Now, Glanbia co-op has the chance to take a 60% stake in the remaining Irish businesses, which would, with GII, create Glanbia Ireland – essentially Dairy Ireland, but as a co-op/plc joint venture.

Key aspects of the proposal

The cost

The co-op would pay €112m for the 60% stake. The purchase would be funded by the sale of 3% of the co-op’s shareholding of the plc – valued currently at €150m. The money left over (around €40m) would create a new solidarity fund to allow the co-op support shareholder producers. Is now the right time to cash in some Glanbia shares, or should the co-op hold on to them as they continue to rise in price?

What’s being gained?

Owning the majority of Glanbia Ireland means farmers have a direct stake, indeed a controlling one, in the business they do business with. That could be Belview or Ballyragget, the local store, the branded lines of cheese and milk, selling grain, buying feed or fertiliser. There are commitments around the profit expectations of Glanbia, and a permanent revenue stream will be set up from the new entity toward a solidarity fund, so farmers won’t have to asset – strip the co-op to support milk and grain price in future troughs.

What’s being lost?

Apart from the reduced shareholding, there is the loss of a further seat on the board in 2022. This means by then only six of the 14 co-op board will sit on the plc. This could be viewed two ways – it reduces the farmer influence on management, and makes it more likely that a co-op nominee will not chair the plc. Against that, a majority of the co-op board will no longer be constrained by fiduciary duties and can focus on the needs of co-op shareholders. It is likely all the co-op board will sit on the board of the Glanbia Ireland JV.
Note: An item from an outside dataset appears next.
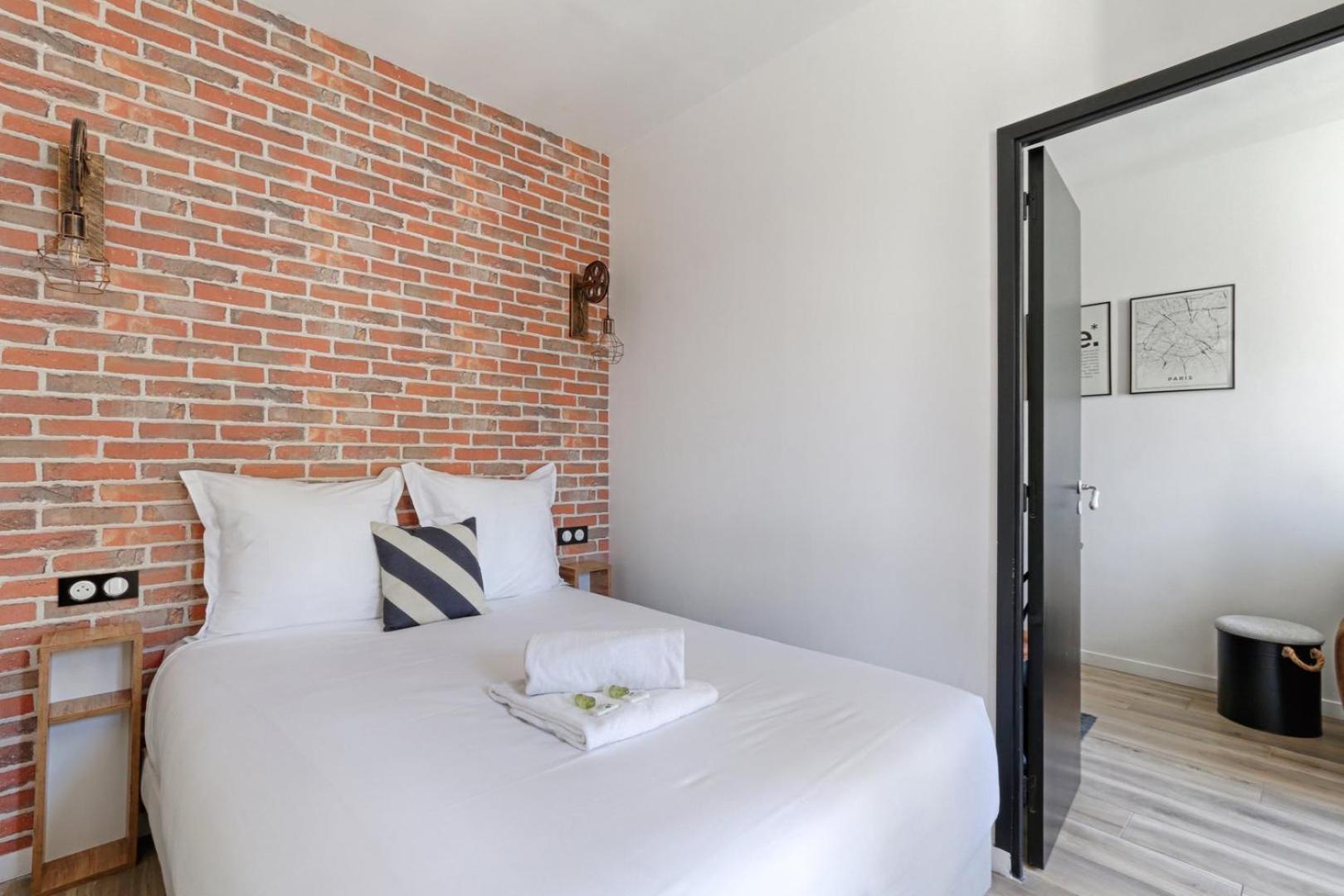 Magnifique Appartement Porte D'Orleans Montrouge Kültér fotó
Listen to "Glanbia's proposal to shareholders" on Spreaker.

The strategy

This weds the co-op utterly to Glanbia plc. Is it a missed opportunity for the co-op to put some of its eggs in another basket? Against that, Glanbia plc has been the golden egg of Irish agribusiness for a decade now; why change a winning formula?

The dry shareholder

What of the co-op member who is not a dairy farmer? Most aren’t, and they might feel chips in a high-margin business are being cashed to buy a lower-margin division of the same company. When put like that, it sounds like a bad buy, but Glanbia management’s strategy has grown the company, and the value of co-op shares, eightfold since 2010. Is now the right time to make a purchase?

The spin-out

The linked proposal to share €100m of the co-op’s wealth among the shareholders through the spin-out of 2% of plc shares is going to tempt all but the most sceptical. It’s hard to turn down money – even your own money.